Perhaps there are a few more borderline candidates: it is not inconceivable that Gila Gamliel, Israel Katz, and Yoav Kish have a trace of decency left. It’s possible.

Potential righteous people: you are Zionists who probably do not want to destroy the fabric of society, and you are neither naive nor stupid. The gang must be thwarted, and it is up to you.

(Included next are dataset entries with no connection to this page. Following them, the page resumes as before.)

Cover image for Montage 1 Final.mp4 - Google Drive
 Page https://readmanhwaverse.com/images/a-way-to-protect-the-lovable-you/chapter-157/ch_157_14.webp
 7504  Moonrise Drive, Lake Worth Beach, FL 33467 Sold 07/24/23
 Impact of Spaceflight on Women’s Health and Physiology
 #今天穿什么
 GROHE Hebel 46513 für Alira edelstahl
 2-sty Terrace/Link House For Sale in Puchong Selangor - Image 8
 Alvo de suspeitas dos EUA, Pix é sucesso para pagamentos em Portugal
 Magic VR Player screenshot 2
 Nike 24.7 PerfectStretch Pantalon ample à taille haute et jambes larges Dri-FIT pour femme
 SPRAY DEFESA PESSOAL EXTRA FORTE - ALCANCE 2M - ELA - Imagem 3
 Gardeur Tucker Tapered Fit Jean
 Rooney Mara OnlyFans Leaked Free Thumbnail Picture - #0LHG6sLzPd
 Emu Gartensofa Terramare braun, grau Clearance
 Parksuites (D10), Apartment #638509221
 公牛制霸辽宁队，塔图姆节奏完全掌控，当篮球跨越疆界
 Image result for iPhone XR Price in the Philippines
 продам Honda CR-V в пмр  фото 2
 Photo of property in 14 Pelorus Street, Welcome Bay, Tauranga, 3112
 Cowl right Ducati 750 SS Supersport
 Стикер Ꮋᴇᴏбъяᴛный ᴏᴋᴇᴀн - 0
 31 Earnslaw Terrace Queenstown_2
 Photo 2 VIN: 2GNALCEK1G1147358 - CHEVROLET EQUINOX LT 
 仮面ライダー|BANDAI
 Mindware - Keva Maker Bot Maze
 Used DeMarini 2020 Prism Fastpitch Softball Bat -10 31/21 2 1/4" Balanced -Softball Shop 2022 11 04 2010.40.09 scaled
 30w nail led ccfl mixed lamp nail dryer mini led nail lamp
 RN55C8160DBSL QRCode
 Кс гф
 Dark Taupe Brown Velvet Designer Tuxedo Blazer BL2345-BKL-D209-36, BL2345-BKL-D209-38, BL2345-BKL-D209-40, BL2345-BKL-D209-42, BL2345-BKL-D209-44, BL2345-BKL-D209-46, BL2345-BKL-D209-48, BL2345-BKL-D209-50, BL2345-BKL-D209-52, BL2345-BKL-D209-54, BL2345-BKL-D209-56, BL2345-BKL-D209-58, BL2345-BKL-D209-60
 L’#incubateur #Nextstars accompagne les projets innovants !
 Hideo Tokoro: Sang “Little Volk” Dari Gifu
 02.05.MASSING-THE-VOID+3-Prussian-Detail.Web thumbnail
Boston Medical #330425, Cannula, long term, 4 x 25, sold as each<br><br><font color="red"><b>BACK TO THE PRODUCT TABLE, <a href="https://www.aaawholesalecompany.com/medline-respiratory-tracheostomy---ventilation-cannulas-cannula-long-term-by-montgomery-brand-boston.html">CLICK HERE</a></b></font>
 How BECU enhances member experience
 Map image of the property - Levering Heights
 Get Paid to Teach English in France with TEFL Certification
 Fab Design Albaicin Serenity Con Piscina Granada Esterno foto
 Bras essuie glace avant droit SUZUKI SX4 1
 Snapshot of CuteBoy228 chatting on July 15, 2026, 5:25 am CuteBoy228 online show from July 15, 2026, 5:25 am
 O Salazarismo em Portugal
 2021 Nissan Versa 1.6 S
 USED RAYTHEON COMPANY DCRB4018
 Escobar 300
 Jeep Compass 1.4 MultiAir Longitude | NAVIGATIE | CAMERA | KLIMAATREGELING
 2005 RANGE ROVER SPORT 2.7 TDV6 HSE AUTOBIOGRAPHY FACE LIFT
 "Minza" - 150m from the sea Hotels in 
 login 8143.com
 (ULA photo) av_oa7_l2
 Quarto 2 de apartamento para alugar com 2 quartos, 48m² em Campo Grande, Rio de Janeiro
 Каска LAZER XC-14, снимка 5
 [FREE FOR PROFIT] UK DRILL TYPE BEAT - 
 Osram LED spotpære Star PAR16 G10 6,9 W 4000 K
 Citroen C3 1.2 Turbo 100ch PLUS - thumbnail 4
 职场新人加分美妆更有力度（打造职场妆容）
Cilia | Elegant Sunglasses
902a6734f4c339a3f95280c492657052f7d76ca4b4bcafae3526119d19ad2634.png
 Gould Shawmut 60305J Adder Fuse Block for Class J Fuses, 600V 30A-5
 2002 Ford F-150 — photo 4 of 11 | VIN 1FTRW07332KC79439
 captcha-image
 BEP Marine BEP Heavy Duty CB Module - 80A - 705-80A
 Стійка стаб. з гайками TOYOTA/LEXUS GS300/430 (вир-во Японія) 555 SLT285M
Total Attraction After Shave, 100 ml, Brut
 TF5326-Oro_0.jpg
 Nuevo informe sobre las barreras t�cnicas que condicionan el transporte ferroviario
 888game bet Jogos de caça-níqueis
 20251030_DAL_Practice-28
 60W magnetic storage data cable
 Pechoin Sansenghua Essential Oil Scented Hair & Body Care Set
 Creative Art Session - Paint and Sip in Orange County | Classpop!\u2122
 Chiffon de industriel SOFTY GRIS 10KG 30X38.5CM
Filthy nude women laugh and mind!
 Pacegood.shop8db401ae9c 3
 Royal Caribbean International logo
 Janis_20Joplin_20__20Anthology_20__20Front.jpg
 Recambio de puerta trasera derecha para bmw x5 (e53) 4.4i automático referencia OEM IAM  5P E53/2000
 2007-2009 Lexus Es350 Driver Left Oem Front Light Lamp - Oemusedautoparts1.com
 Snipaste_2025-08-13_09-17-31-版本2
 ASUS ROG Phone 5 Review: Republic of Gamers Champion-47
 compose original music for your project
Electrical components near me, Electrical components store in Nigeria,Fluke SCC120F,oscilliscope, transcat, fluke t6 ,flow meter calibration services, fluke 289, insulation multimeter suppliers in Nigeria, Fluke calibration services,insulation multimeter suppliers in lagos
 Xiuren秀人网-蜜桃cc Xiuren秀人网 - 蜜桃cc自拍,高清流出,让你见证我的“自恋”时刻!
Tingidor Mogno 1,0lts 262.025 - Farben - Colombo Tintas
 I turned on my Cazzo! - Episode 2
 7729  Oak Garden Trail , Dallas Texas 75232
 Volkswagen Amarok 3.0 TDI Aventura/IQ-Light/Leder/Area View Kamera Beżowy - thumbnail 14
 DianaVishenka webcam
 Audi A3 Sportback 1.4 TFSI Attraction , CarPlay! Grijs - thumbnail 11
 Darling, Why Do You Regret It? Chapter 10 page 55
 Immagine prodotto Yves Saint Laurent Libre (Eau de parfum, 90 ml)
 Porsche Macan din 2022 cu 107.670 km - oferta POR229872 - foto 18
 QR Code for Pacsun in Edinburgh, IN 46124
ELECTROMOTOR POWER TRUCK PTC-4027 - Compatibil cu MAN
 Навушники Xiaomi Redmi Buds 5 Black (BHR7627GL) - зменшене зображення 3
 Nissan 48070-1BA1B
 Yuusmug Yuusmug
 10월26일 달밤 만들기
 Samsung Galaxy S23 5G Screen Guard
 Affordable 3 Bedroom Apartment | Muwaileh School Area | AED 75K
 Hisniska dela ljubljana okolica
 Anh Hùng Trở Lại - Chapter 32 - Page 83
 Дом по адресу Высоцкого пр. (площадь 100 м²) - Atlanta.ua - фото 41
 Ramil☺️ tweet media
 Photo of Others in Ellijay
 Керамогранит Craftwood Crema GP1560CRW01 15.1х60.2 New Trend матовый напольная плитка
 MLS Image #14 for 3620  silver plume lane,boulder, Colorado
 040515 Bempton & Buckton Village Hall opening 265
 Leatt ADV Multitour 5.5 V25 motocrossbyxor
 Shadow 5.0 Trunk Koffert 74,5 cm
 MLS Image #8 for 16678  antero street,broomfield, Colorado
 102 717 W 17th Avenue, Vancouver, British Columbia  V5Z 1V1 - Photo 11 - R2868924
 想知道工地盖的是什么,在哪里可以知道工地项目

Could it be that I am giving too much credit? Might the luminaries mentioned above – indeed, might any of the readers – actually not know that the government’s talking points are twaddle and flimflam? Just in case, I offer a quick summation:

  • The Supreme Court was never “activist,” despite a few exceptions and a handful of unhelpful statements by former Chief Justice Aharon Barak. In all 75 years of Israel’s history, it intervened in 22 laws and clauses, with most of the cases clearly aiming to protect the public and some rather trivial as well. Only three cases were related to the occupation, which the courts never did challenge on principle. They also did very little to curb the privileged status and sectorial preference accorded the Haredim.
  • In a highly relevant case in point, the Supreme Court did not even prevent the scandal of a criminal defendant being appointed prime minister. Contrary to rumor, the judges are something of a rubber stamp. Until a few years ago, they were also quite popular and were even routinely and warmly praised by Benjamin Netanyahu, who understood the global status and freedom of action that the rule of law accords. The only thing that has changed is that Netanyahu is on trial for bribery, fraud and breach of trust.
  • The judges do not “appoint themselves”: the state’s Judicial Appointments Committee features nine members, of which three are judges and four politicians, usually three of them coalition members, with two representatives of the Bar Association. It is a sincere attempt to balance a complex issue. Replacing it in effect with the prime minister will eliminate the separation of powers, especially in the absence of a constitution.
  • The “people” didn’t “choose” this path and certainly have not “spoken”: Likud had no platform, Netanyahu vigorously denied that radical measures would be hastily enacted against the judiciary, and the coalition parties received less than half of the votes on Nov. 1. Their calamitous majority stems from the fact that 6% of the votes – one out of every eight for the opposition – were wasted due to splits. (In a parallel universe where Levin was a gentleman, he would every day send flowers to Labor Party leader Marev Michaeli for her reckless insistence on not uniting with Meretz.)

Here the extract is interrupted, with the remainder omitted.